The PWHL is following other women’s leagues that have seen success over the years after increasing buy-in to the business potential (and proven results) of women’s sports. In college basketball, the “March Madness” trademark is iconic, but since the tournament’s inception in 1939, it was reserved solely for the men’s tournament and has only been used on the women’s side since 2022 following activist efforts in 2021. But after just two seasons of improved branding, last year’s women’s national championship game between LSU and Iowa averaged nearly 10 million viewers, and peaked at 12.6 million, breaking a record that stood since 1995–and that’s after the 2022 championship matchup between South Carolina and UConn saw the most viewers in a women’s championship game since 2004. This past October, 55,646 people gathered in Kinnick Stadium, not for a punting showcase from the Hawkeye’s football team, but to watch Iowa women’s basketball play an exhibition game against DePaul led by a double-double from Caitlin Clark, and shattering the previous women’s college basketball attendance record of 29,619 set in the 2002 NCAA Tournament.  

On the professional side, the WNBA celebrated its 27th year of play in 2023 by showcasing similarly impressive growth. Last year’s Finals between the New York Liberty and the Las Vegas Aces averaged 728,000 viewers–a 20-year high–with Game 4 averaging 889,000 views for the most-viewed Game 4 in league history. These numbers followed a similarly impressive regular season that was the most watched in 20 years, and saw record-breaking social media engagement–the 20 million actions/engagements, 1.1 million hours watched, and 373 million video views throughout the 2023 season were all increases of 65%, 42%, and 96%, respectively, from 2022. 

Although these are significant yearly jumps, they didn’t happen overnight as growth in the sports industry results from decades of work. Building sports leagues, whether men’s or women’s, are investments, and investments in sports take time to cultivate (Even Art Rooney’s Steelers lost the equivalent of $2,000,000 a year for his first seven seasons in the 1930s and many of today’s MLS teams lose money every year). The PWHL seems to be taking these dynamics into account with the formation of their new league. 

“We understand that this is gonna be expensive, particularly in the early years. But we’re prepared for that,” Kasten told ESPN in August of 2023. “We didn’t do this for the short term. We didn’t do it for the long term. We did it to be permanent.”
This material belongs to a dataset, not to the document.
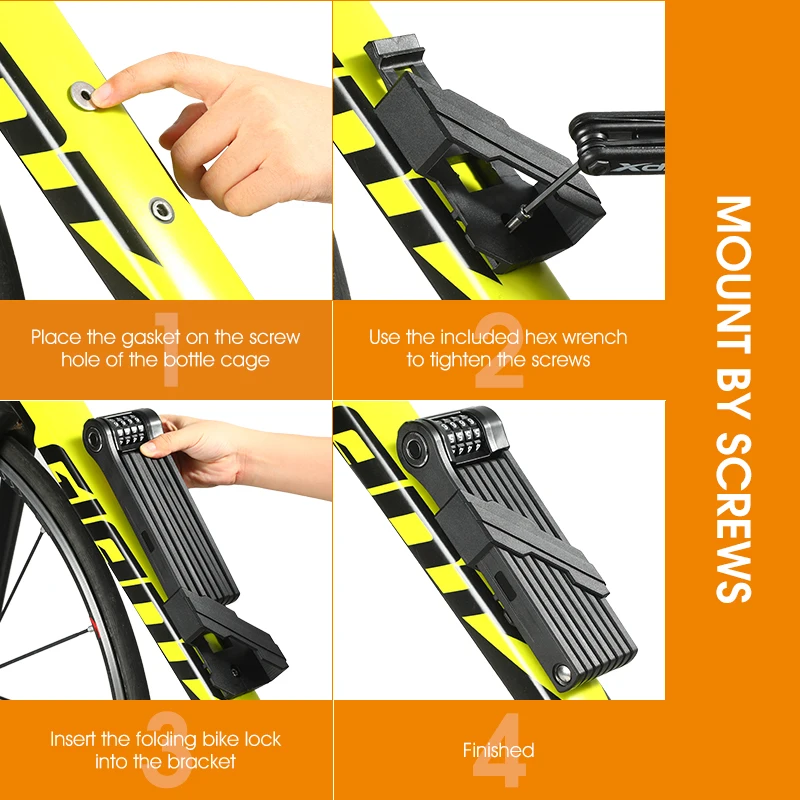 WEST BIKING Foldable Bike Lock MTB Road Bicycle Password Cycling High Security Anti-Theft Chain for Scooter Motorcycle | Спорт и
Outside of hockey and basketball, women’s sports across the board thrived in 2023. Volleyball shined from the preseason to the postseason, starting with Nebraska volleyball exceeding capacity at Memorial Stadium in a summer exhibition match, playing in front of a crowd of 92,003 fans (the stadium’s capacity is 85,458, but because the whole field wasn’t occupied, chairs were available courtside to meet demand). Months later, the national semi-finals and finals broke in-person indoor volleyball records twice as 19,727 gathered to watch the final between Texas and Nebraska, breaking the record of 19,598 that was set in the semifinals just days prior. Television viewership skyrocketed 115% from 2022, with the championship game garnering 1.7 million viewers on ESPN on an NFL Sunday. 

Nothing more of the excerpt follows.